TASK: In the records below, the relevant part opens with the line containing "The Top 5 Colleges Near Coto de Caza" and closes with the line containing "Iris unguicularis"; print that part exactly and only, without its pictures.

Brief descriptive captions:
★ ★ ★ ★ ★ ★ ★

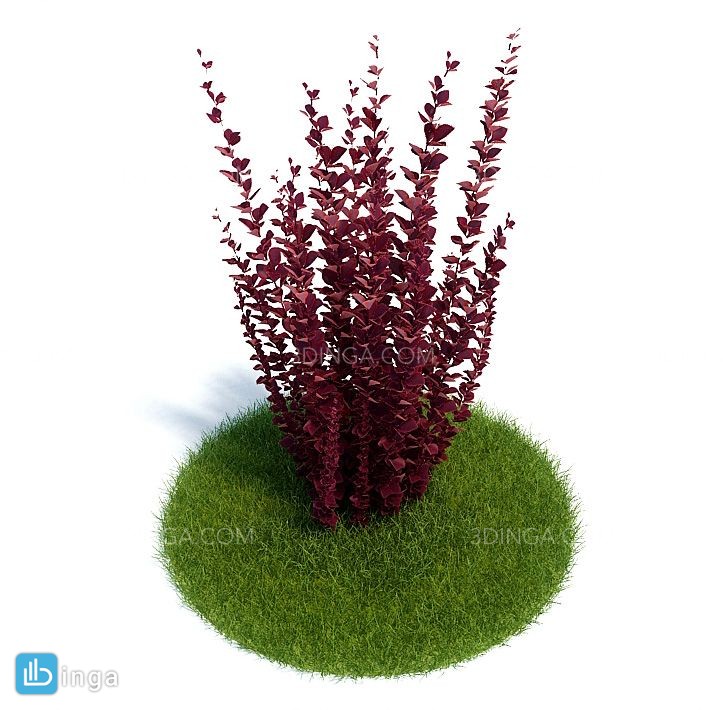 گیاه زرشک زینتی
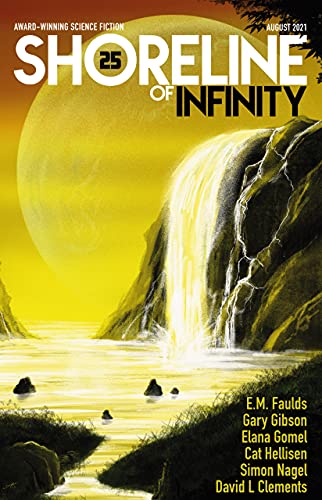 Shoreline of Infinity 25 book cover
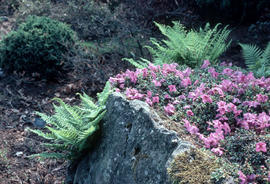 R[hododendron] calostrotum ssp keleticum, R[oyal] B[otanic] G[ardens] Edinburgh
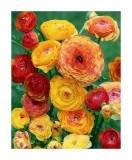 Piciorul Cocosului Ranunculus, Picotee Orange, Portocaliu, 6/7, 1 Bulb, Oem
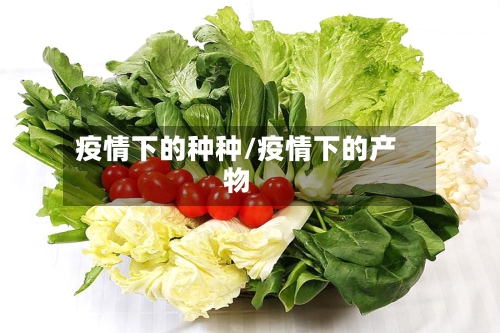 疫情下的种种/疫情下的产物
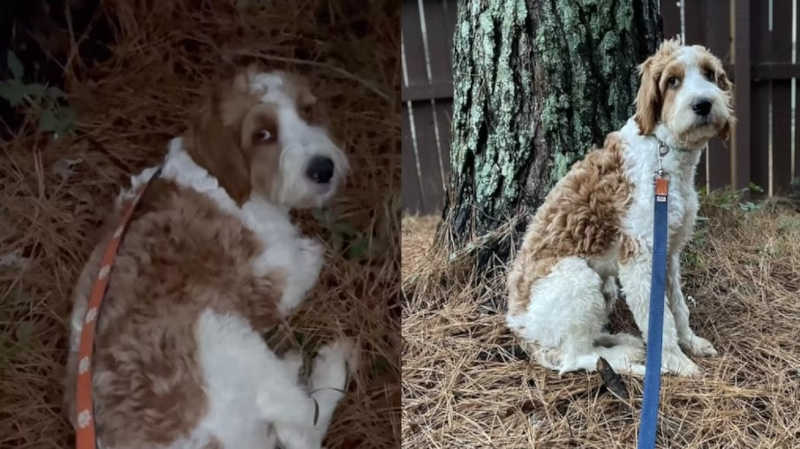 Cachorro abandonado em floresta se recupera para encontrar um novo lar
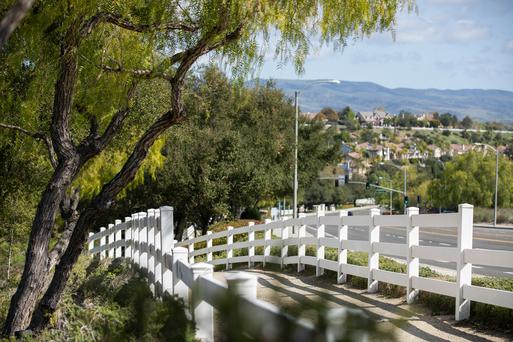 The Top 5 Colleges Near Coto de Caza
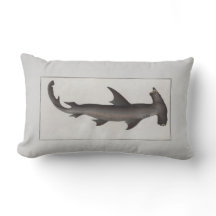 Vintage Illustration Hammerhead Shark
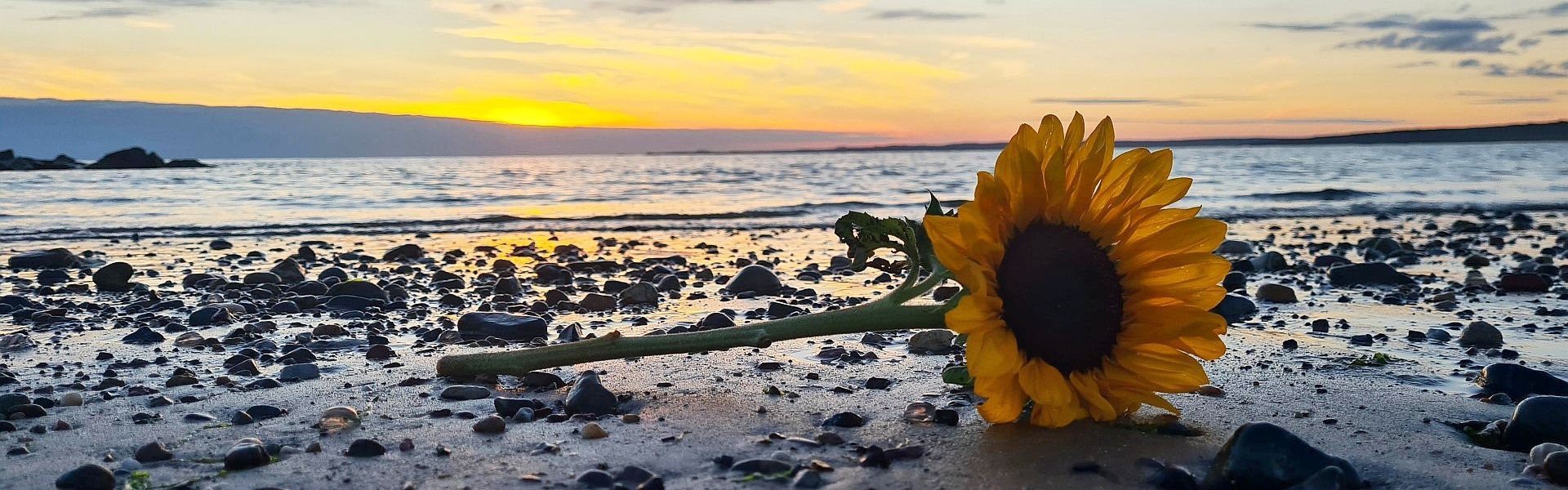 Send flowers in Athens Online Florist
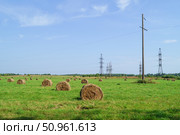 Рулоны сена в поле на фоне синего неба. Стоковое фото, фотограф Сергей Овчинников / Фотобанк Лори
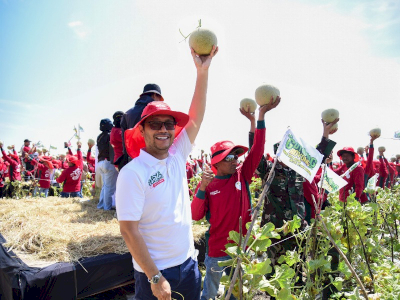 Raih Rekor MURI, 1.000 Lebih Petani Panen Melon DAVINA F1 di Nganjuk 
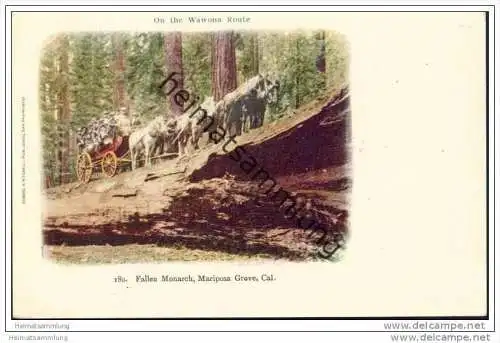 Wawona Route - Fallen Monarch - Mariposa Grove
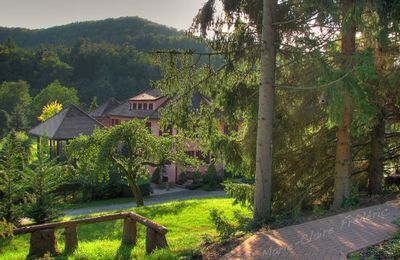 L'Arnsbourg *** : entrez dans la quatrième dimension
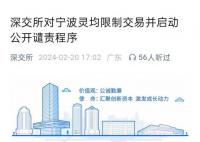 寧波靈均42秒賣出13.72億元股票 量化私募寧波靈均被限制交易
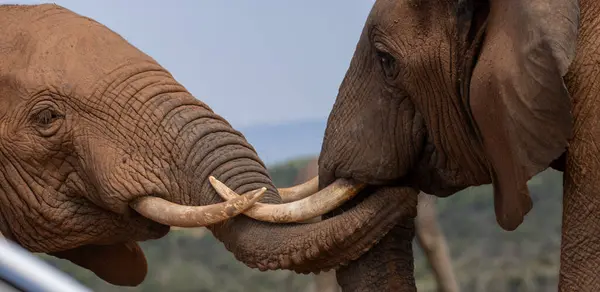 Vahşi Afrika Fili Güney Afrika 'daki Addo Fil Parkı' nda çekildi.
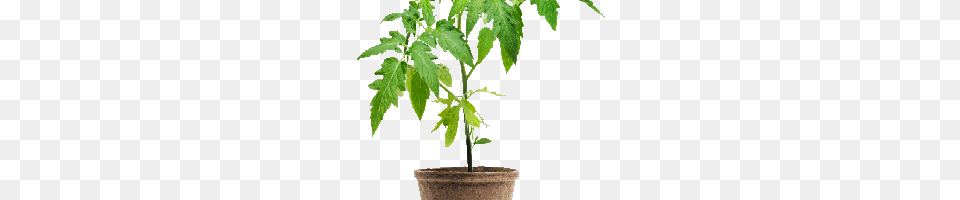 Tomato Plant Image, Herbal, Herbs, Leaf, Potted Plant Png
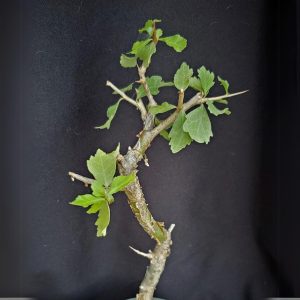 COMMIPHORA WIGHTII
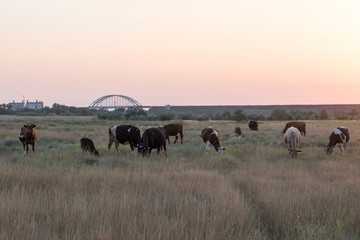herd of cows on a summer green field at sunset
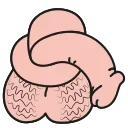😴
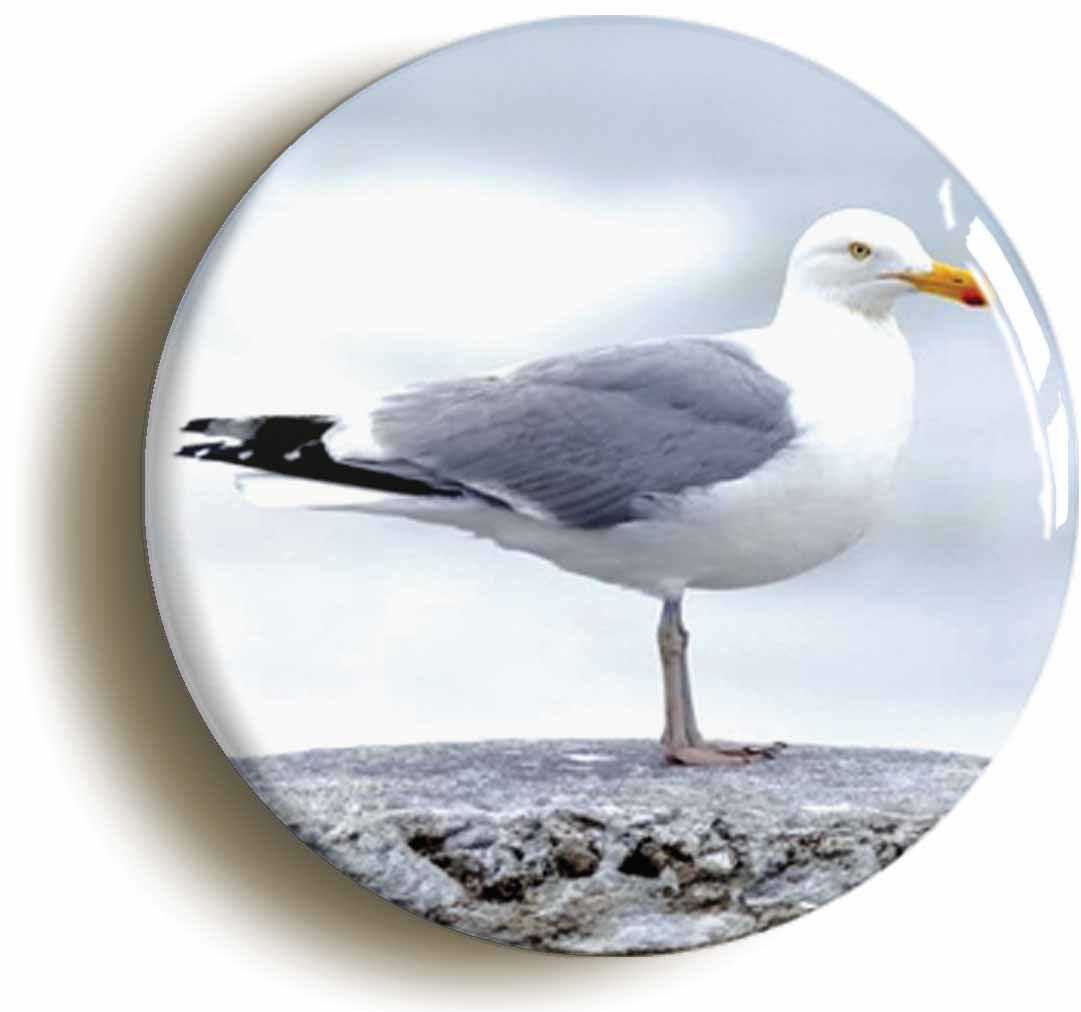 A picture of the front of the product, titled Heron Gull Button Pin Badge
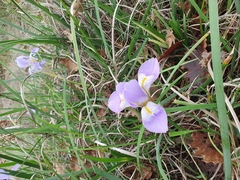 Iris unguicularis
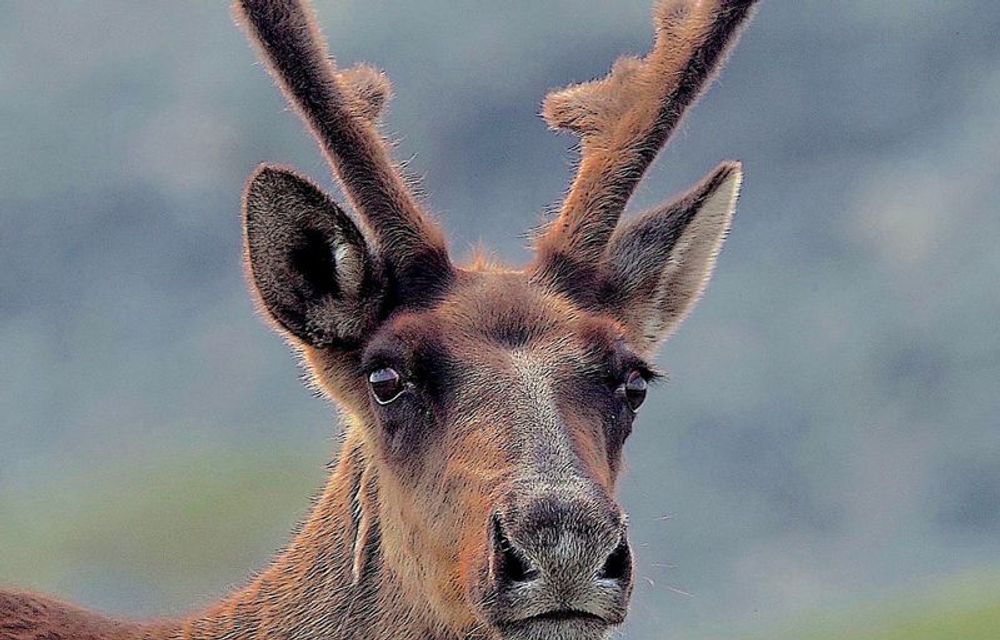 La majorité des caribous de la Gaspésie condamnés à la captivité?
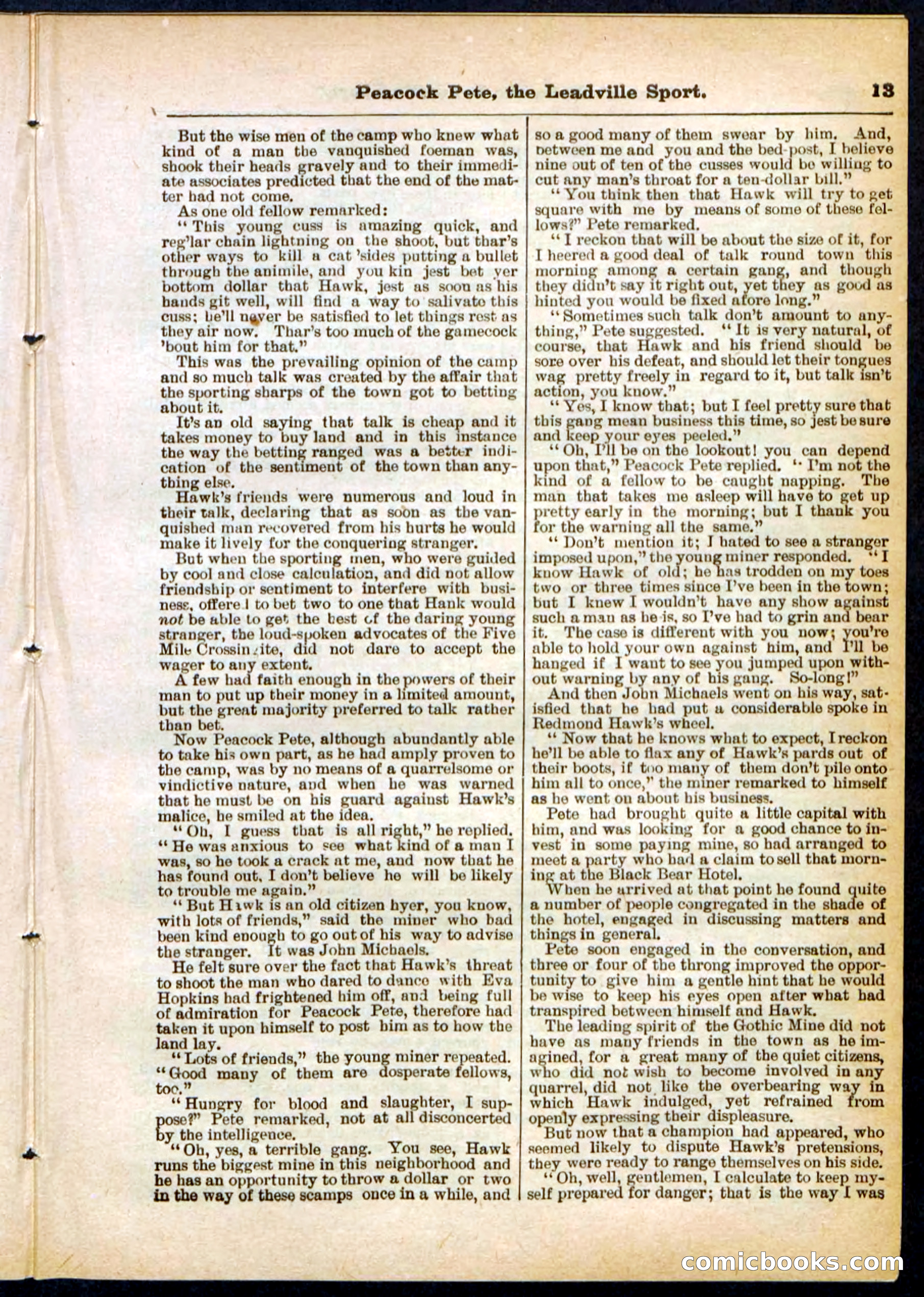 Beadle's Pocket Library No. 291 — page 13 of 32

★ ★ ★ ★ ★ ★ ★

TASK SOLUTION:
 The Top 5 Colleges Near Coto de Caza
 Vintage Illustration Hammerhead Shark
 Send flowers in Athens Online Florist
 Рулоны сена в поле на фоне синего неба. Стоковое фото, фотограф Сергей Овчинников / Фотобанк Лори
 Raih Rekor MURI, 1.000 Lebih Petani Panen Melon DAVINA F1 di Nganjuk 
 Wawona Route - Fallen Monarch - Mariposa Grove
 L'Arnsbourg *** : entrez dans la quatrième dimension
 寧波靈均42秒賣出13.72億元股票 量化私募寧波靈均被限制交易
 Vahşi Afrika Fili Güney Afrika 'daki Addo Fil Parkı' nda çekildi.
 Tomato Plant Image, Herbal, Herbs, Leaf, Potted Plant Png
 COMMIPHORA WIGHTII
herd of cows on a summer green field at sunset
😴
 A picture of the front of the product, titled Heron Gull Button Pin Badge
 Iris unguicularis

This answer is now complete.